THE INPUT:

====

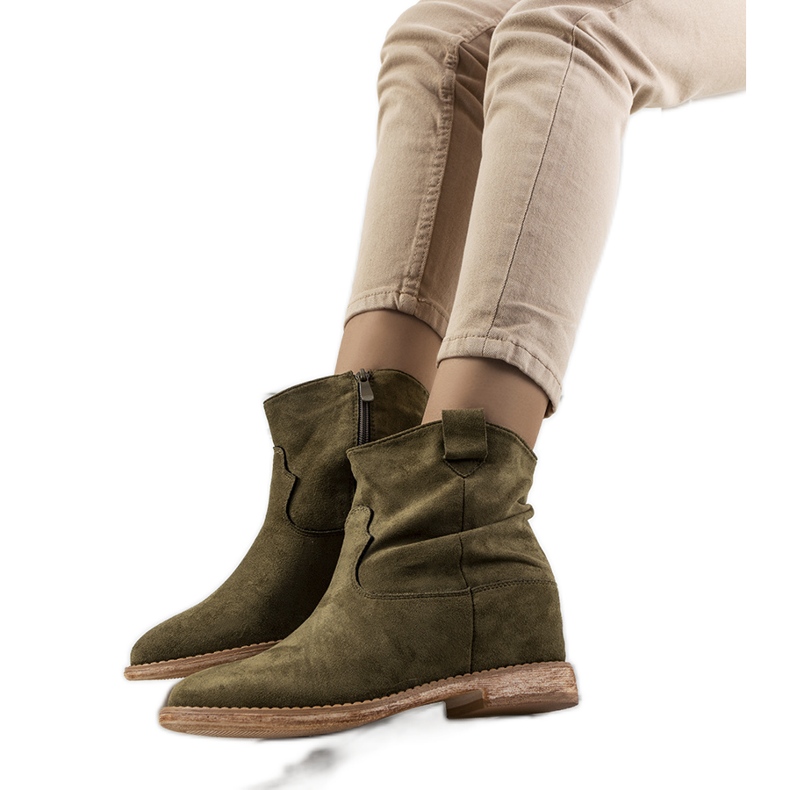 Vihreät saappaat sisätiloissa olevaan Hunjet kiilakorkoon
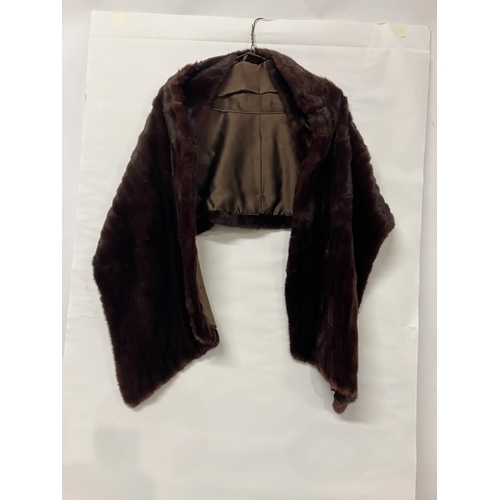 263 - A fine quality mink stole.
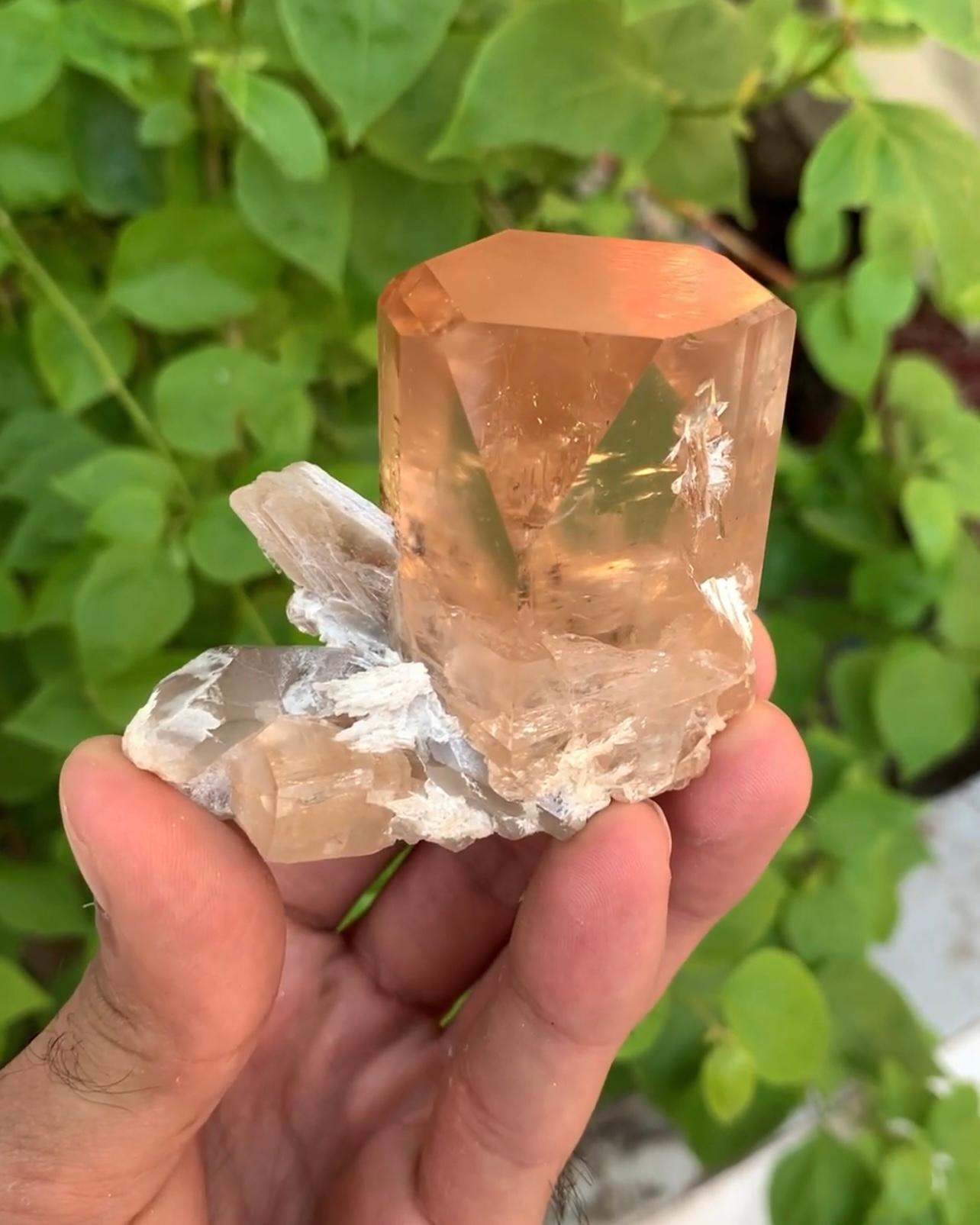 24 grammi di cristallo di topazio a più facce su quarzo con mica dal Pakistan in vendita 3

====

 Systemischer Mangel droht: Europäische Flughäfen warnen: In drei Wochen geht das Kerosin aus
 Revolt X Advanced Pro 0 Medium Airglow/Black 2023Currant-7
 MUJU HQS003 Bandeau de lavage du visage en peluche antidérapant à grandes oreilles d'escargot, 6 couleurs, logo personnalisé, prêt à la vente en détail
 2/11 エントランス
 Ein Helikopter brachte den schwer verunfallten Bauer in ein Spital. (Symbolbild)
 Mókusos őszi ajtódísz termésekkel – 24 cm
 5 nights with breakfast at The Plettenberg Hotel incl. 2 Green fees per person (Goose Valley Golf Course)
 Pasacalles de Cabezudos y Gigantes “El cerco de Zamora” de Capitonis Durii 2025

====

WORK REQUEST: Please, from the entries above, set down exactly the lines from the one containing "5 nights with" through the one containing "Pasacalles de Cabezudos", and only those.

OUTPUT OF THE TASK:
 5 nights with breakfast at The Plettenberg Hotel incl. 2 Green fees per person (Goose Valley Golf Course)
 Pasacalles de Cabezudos y Gigantes “El cerco de Zamora” de Capitonis Durii 2025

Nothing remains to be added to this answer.